Through Nested Phoenix, we aim to provide the new generation of simulation engine that enables bottom-up, high resolution material stocks and flow analyses and life cycle assessments of the built environment.

Most existing models are either top-down, or lack the architecture/construction/landscape architecture knowledge to provide detailed models of buildings, infrastructure assets and greenery in cities. We want to combine expert built environment knowledge with advanced object-oriented python programming to provide the research community and the actors of the built environment with a robust, flexible, comprehensive and transparent model to help humanity tackle the climate emergency and operate within the planetary boundaries.

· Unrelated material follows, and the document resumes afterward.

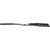 Hi-Lift Blade RPLS Snapper 7042998BZYP Part# 336-578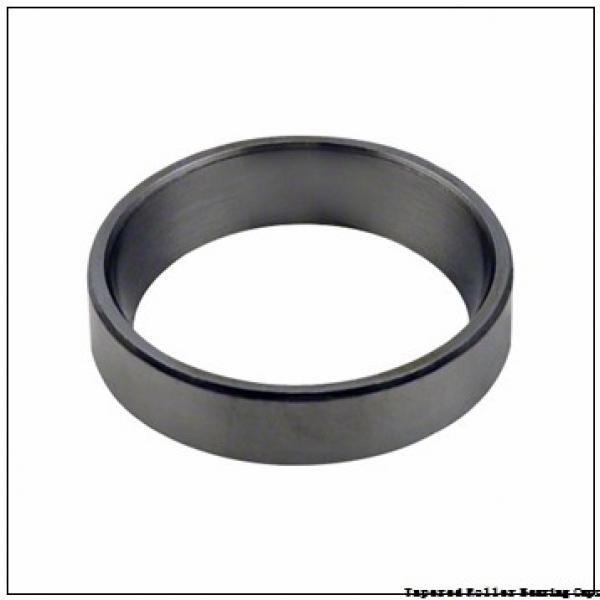 NTN 13621 Tapered Roller Bearing Cups #2 image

Nested Phoenix capitalises on the broad expertise of its team members and their international insights to provide models at the forefront of science. It is currently funded by the Belgian Fund for Scientific Research (F.R.S. - FNRS).

History

Nested Phoenix is the sequel to the original model developed by André Stephan during his PhD, completed in 2013. Since then, it has taken many shapes and forms and involved a range of collaborators from different countries, including Australia, Belgium, Switzerland and Chile and involving university partners as well as UN-Habitat. The name Nested Phoenix was adopted in 2017 at the Melbourne School of Design of The University of Melbourne and has been used ever since.

What's in a name?

The name Nested Phoenix reflects the nested nature of the model, replicating the built environment. It encapsulates materials, into elements, into assemblies, into buildings, into precincts, into cities. The phoenix part of the name is aspirational. We would really like buildings to be like the mythical bird, i.e. live 500 years and be reborn from their own ashes at the end, in a circular economy paradigm.

The word Phoenix is also a personal tribute from the lead researcher to Ikki, the Phoenix Bronze Saint in the epic manga Saint Seiya from the eighties. Finally, for the keen observer, the wings of the Phoenix are the Cedar of Lebanon, a tree that lives millennia and grows in the birthplace of the lead researcher.